## [Try it]
Make a verbatim copy of all the records. Skip every image.

## [Material supplied]
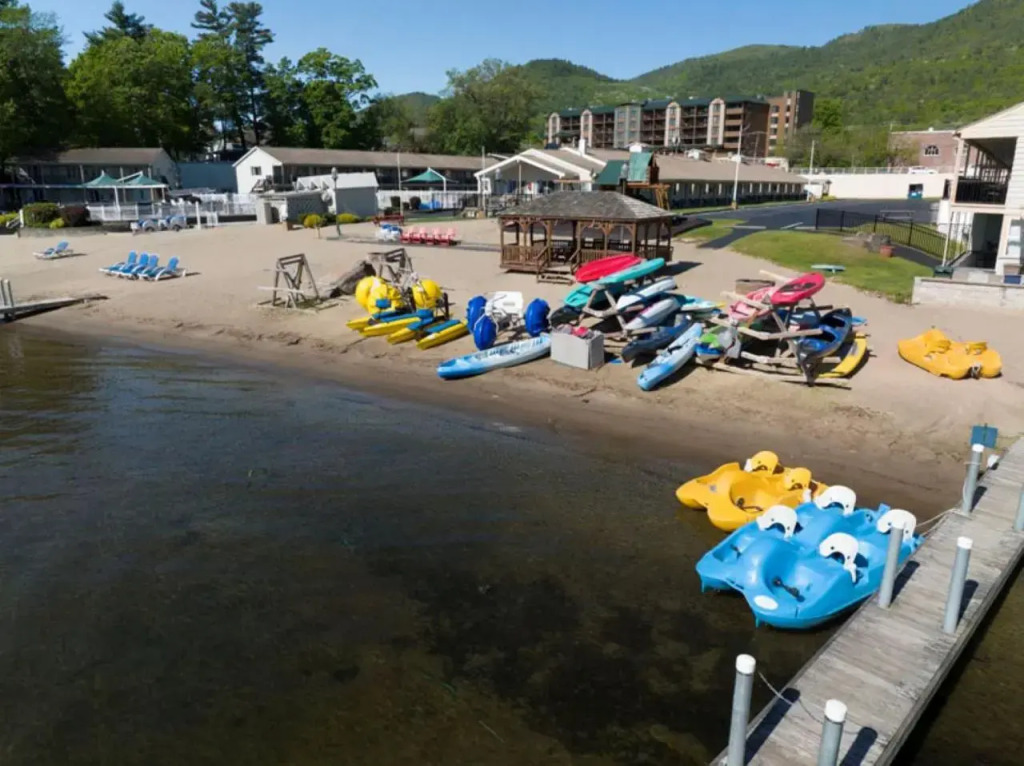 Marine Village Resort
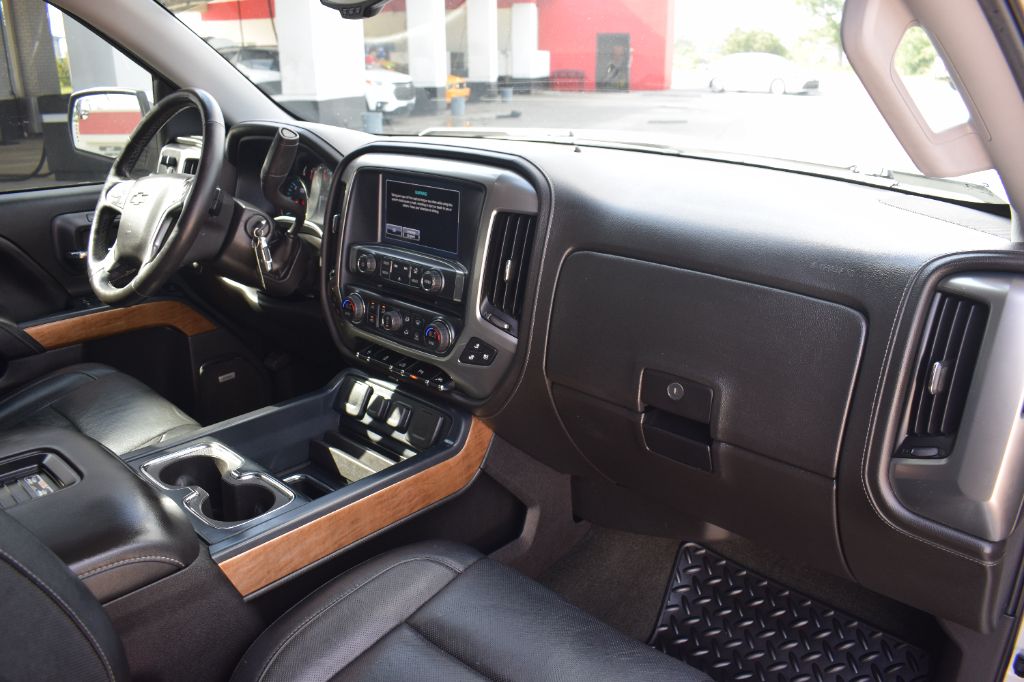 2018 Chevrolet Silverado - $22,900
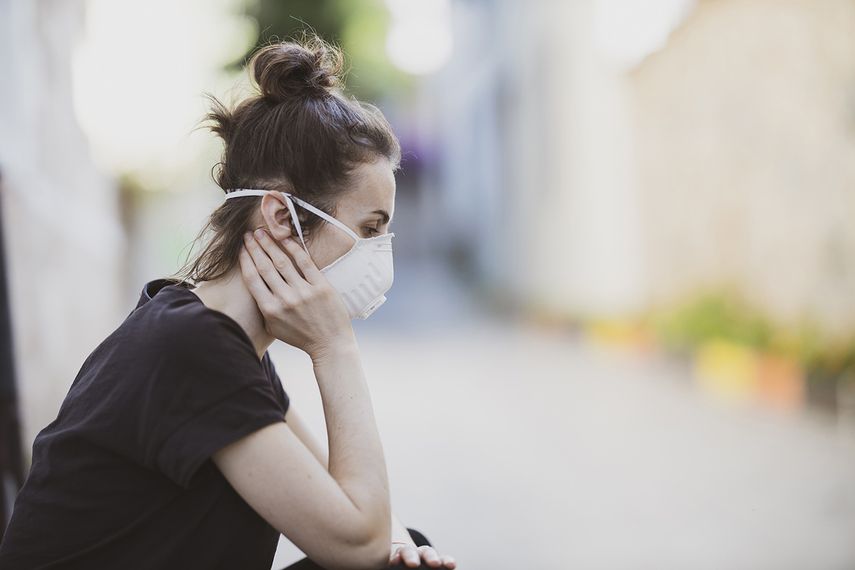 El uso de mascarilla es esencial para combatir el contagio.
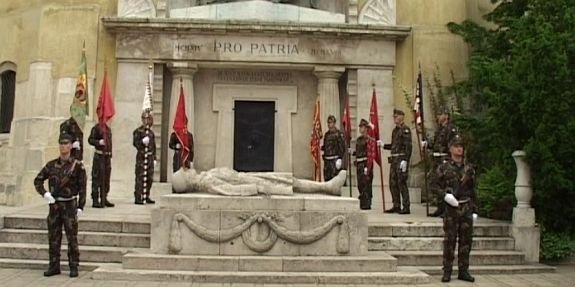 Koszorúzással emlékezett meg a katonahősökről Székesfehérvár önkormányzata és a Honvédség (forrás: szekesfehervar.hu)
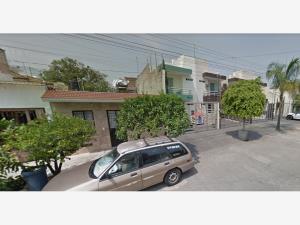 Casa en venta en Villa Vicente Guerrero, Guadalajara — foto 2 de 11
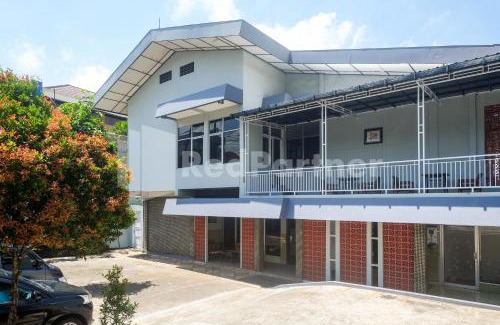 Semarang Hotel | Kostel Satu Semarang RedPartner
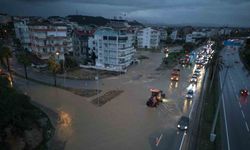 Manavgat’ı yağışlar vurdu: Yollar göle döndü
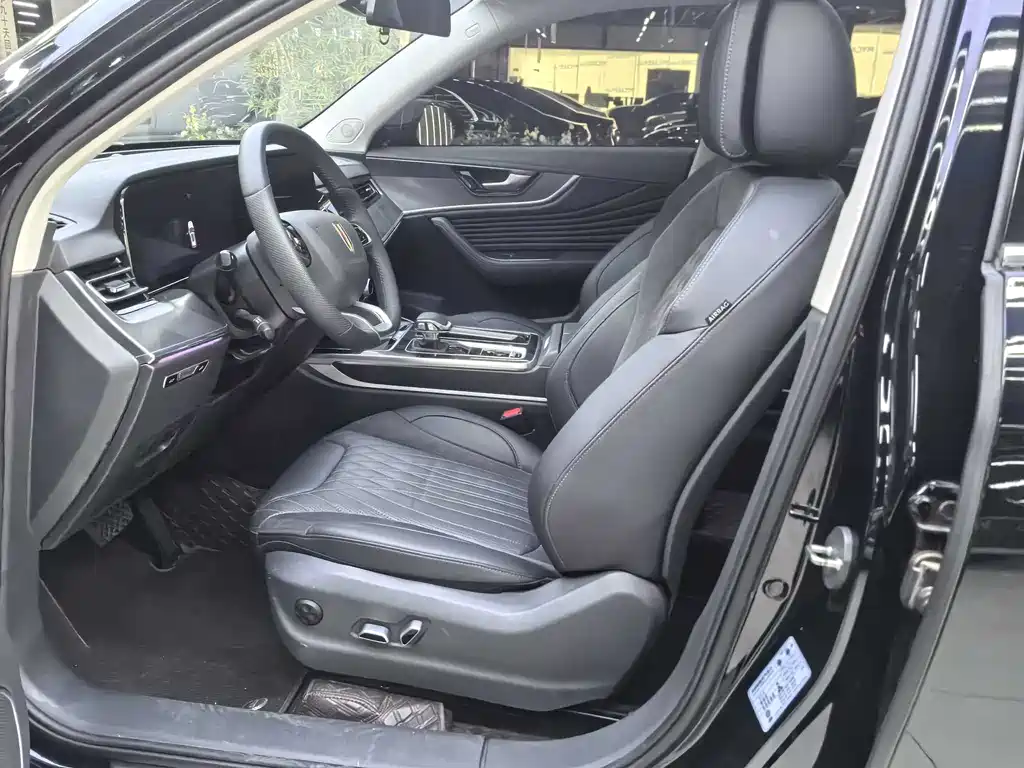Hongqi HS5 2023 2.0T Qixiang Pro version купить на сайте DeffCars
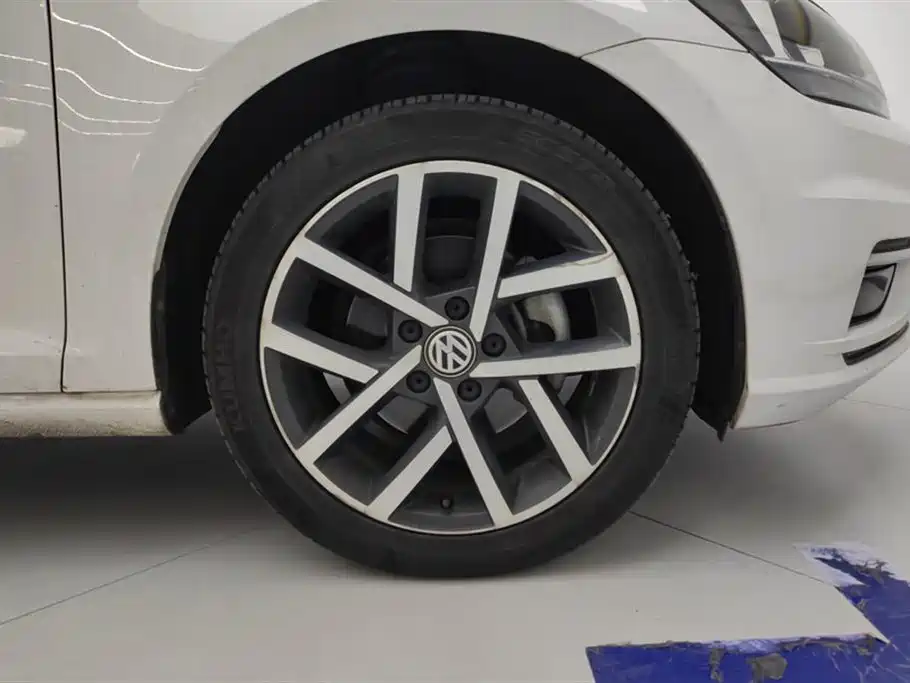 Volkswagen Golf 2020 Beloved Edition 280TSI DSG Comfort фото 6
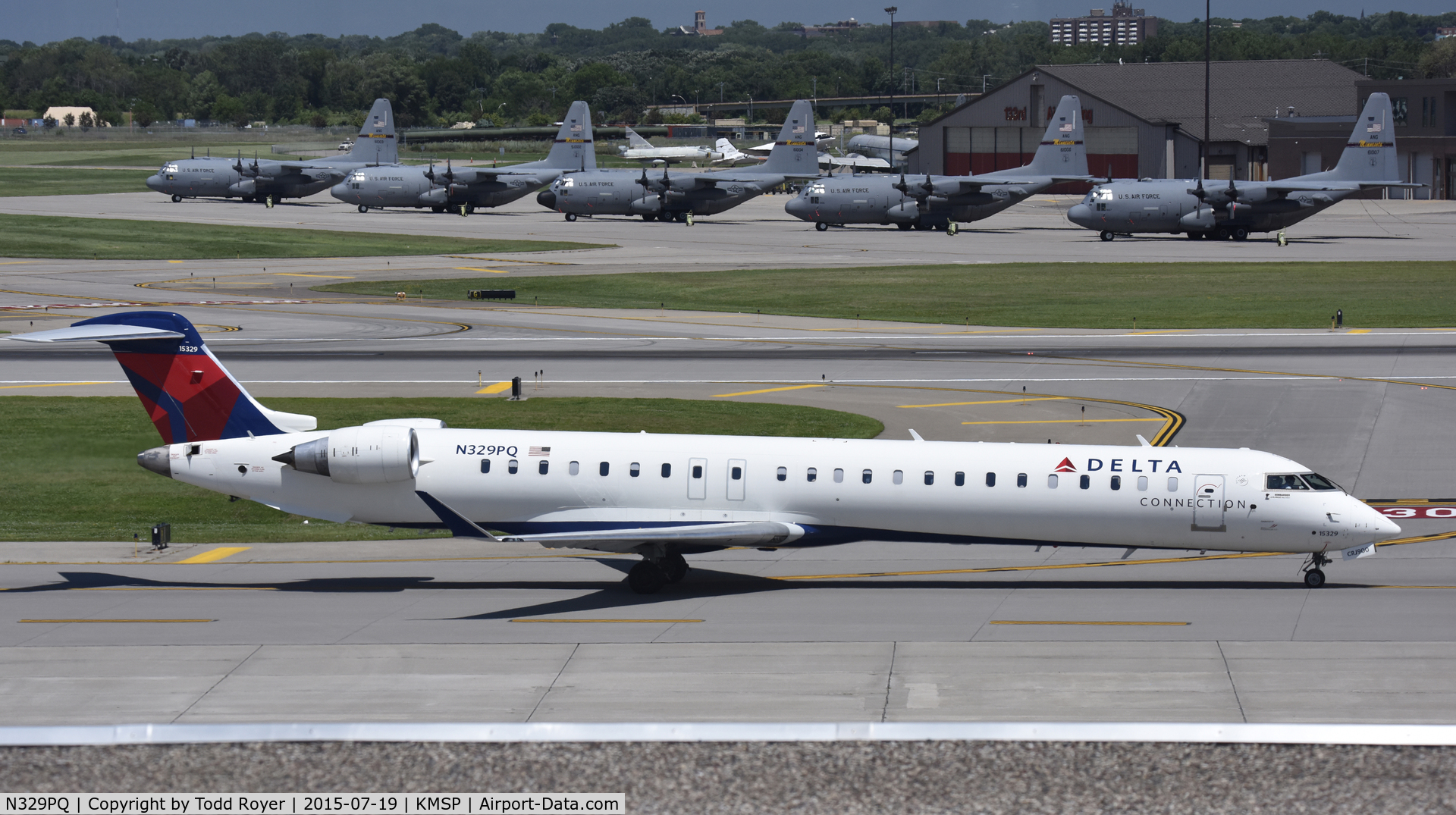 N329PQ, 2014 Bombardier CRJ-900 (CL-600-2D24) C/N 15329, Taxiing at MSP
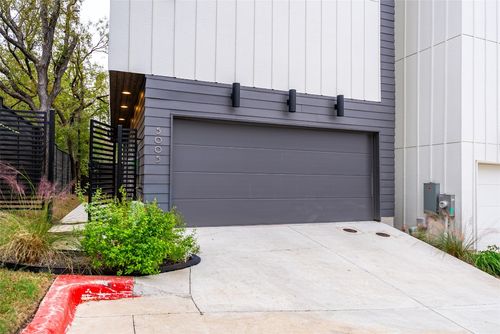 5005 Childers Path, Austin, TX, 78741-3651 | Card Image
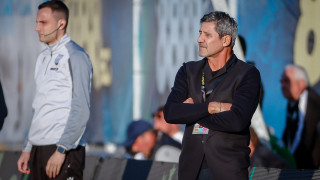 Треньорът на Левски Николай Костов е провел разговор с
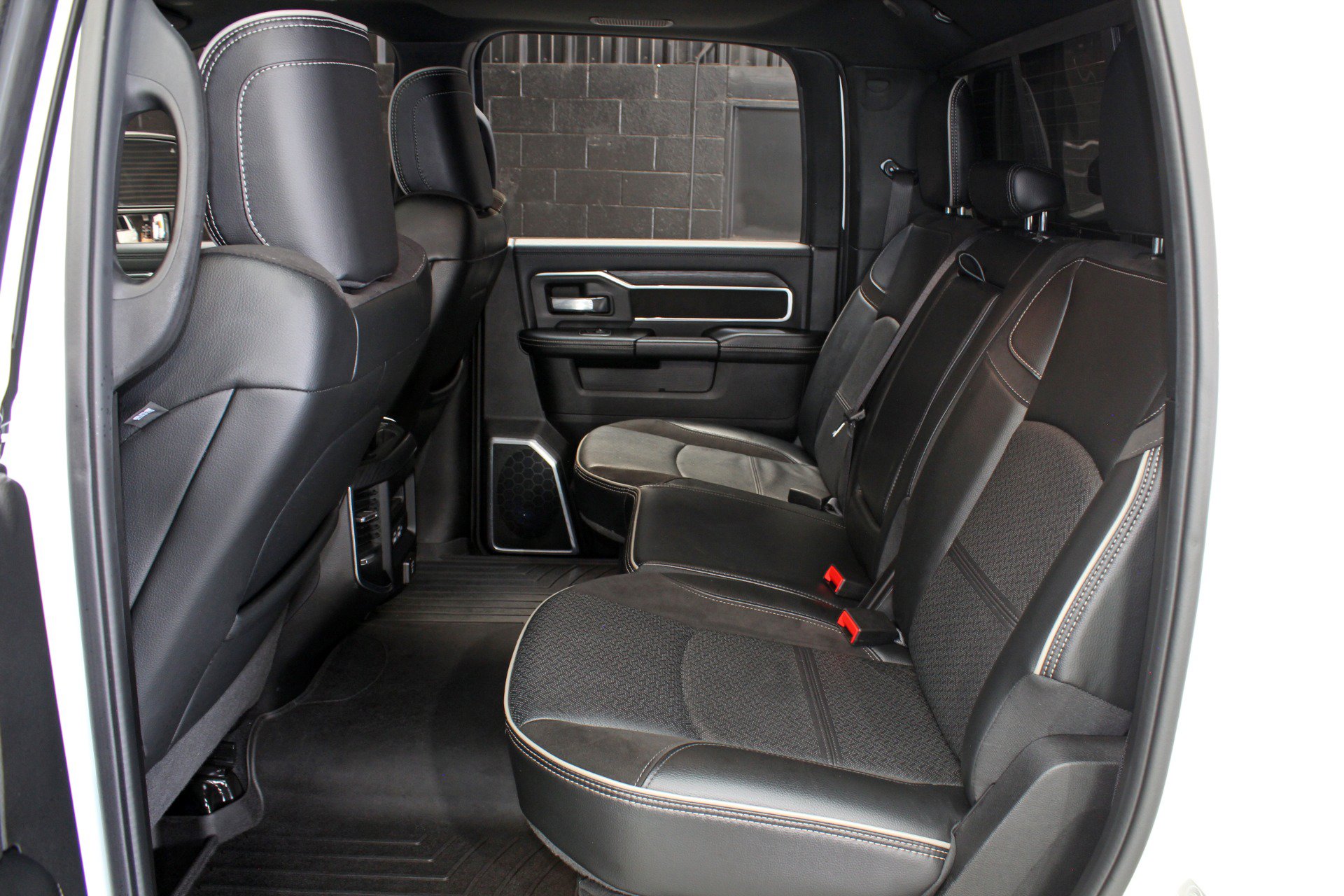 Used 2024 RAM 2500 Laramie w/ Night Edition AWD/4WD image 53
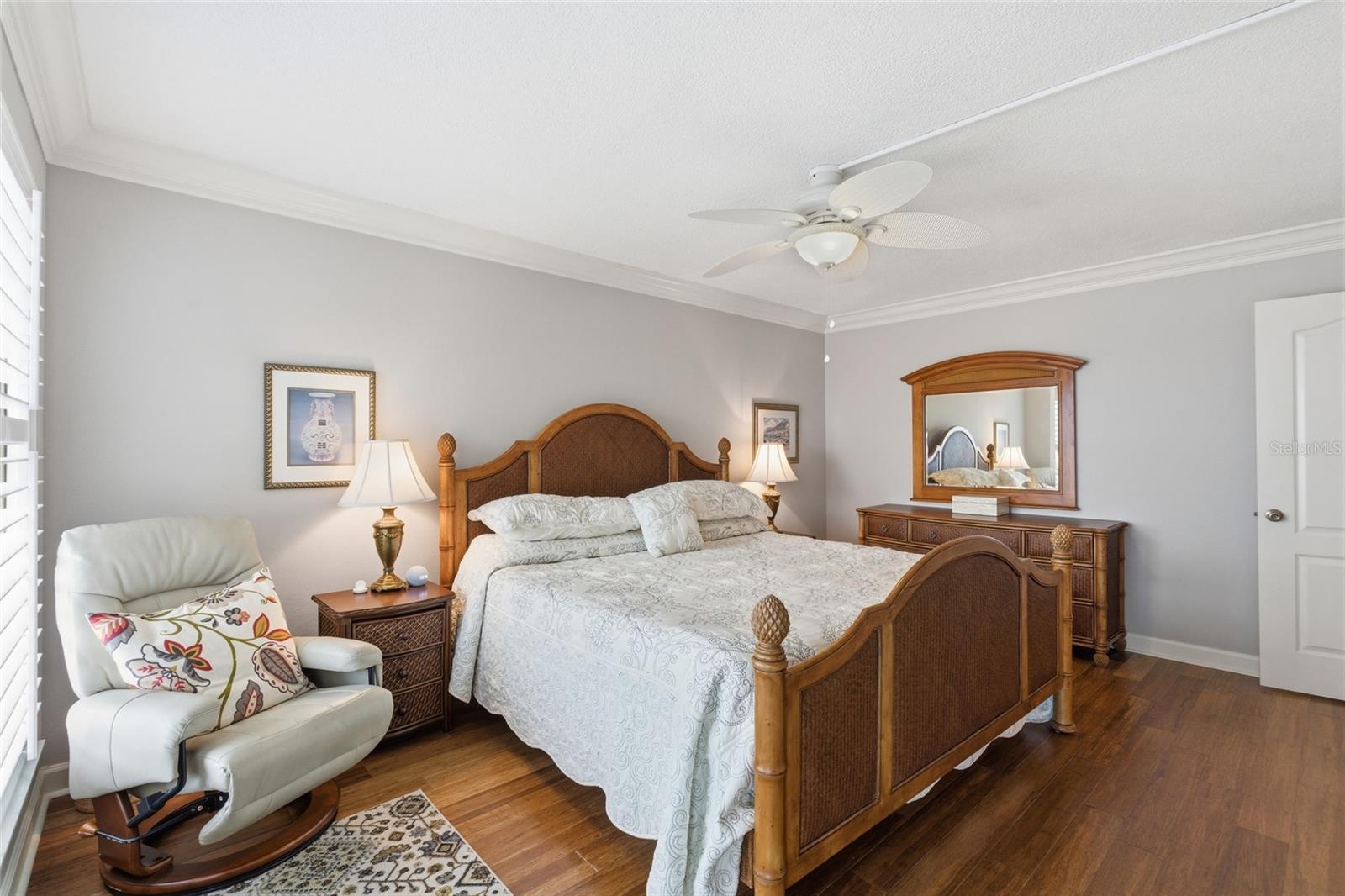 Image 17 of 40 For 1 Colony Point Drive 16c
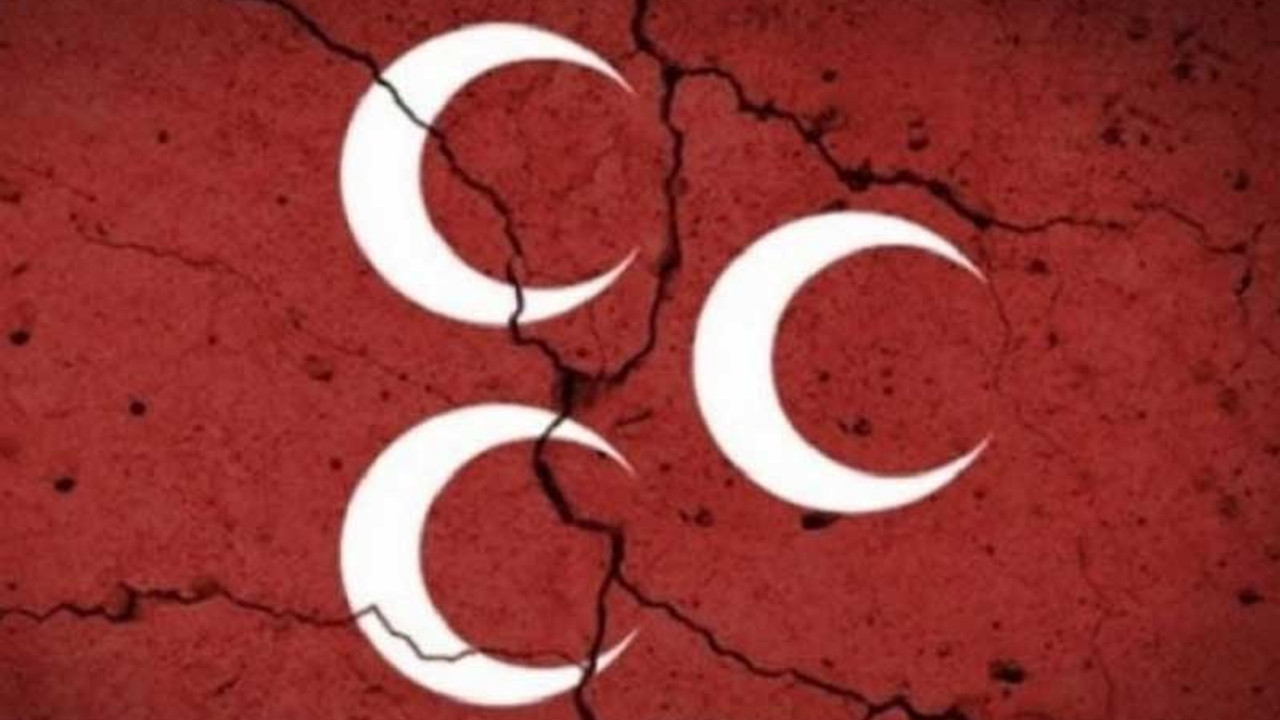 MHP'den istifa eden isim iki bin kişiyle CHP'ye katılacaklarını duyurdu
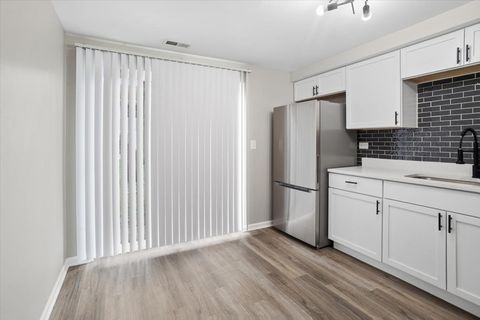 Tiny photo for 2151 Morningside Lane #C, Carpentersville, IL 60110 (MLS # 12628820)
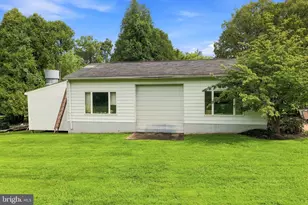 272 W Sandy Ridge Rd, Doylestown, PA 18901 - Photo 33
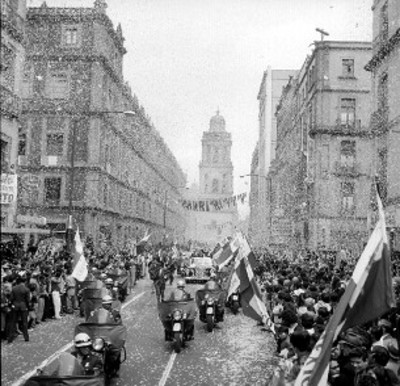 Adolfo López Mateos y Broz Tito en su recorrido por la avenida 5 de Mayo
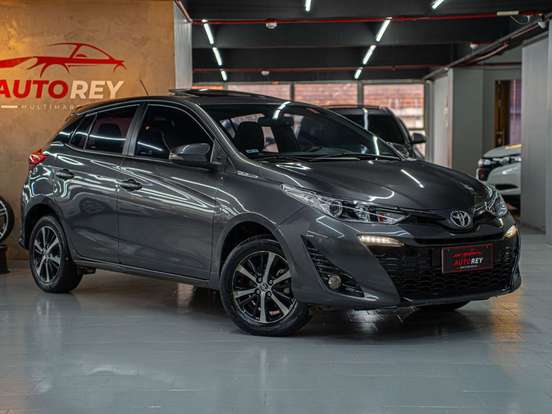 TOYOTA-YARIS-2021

## [Task response]
 Marine Village Resort
 2018 Chevrolet Silverado - $22,900
 El uso de mascarilla es esencial para combatir el contagio.
 Koszorúzással emlékezett meg a katonahősökről Székesfehérvár önkormányzata és a Honvédség (forrás: szekesfehervar.hu)
 Casa en venta en Villa Vicente Guerrero, Guadalajara — foto 2 de 11
 Semarang Hotel | Kostel Satu Semarang RedPartner
 Manavgat’ı yağışlar vurdu: Yollar göle döndü
Hongqi HS5 2023 2.0T Qixiang Pro version купить на сайте DeffCars
 Volkswagen Golf 2020 Beloved Edition 280TSI DSG Comfort фото 6
 N329PQ, 2014 Bombardier CRJ-900 (CL-600-2D24) C/N 15329, Taxiing at MSP
 5005 Childers Path, Austin, TX, 78741-3651 | Card Image
 Треньорът на Левски Николай Костов е провел разговор с
 Used 2024 RAM 2500 Laramie w/ Night Edition AWD/4WD image 53
 Image 17 of 40 For 1 Colony Point Drive 16c
 MHP'den istifa eden isim iki bin kişiyle CHP'ye katılacaklarını duyurdu
 Tiny photo for 2151 Morningside Lane #C, Carpentersville, IL 60110 (MLS # 12628820)
 272 W Sandy Ridge Rd, Doylestown, PA 18901 - Photo 33
 Adolfo López Mateos y Broz Tito en su recorrido por la avenida 5 de Mayo
 TOYOTA-YARIS-2021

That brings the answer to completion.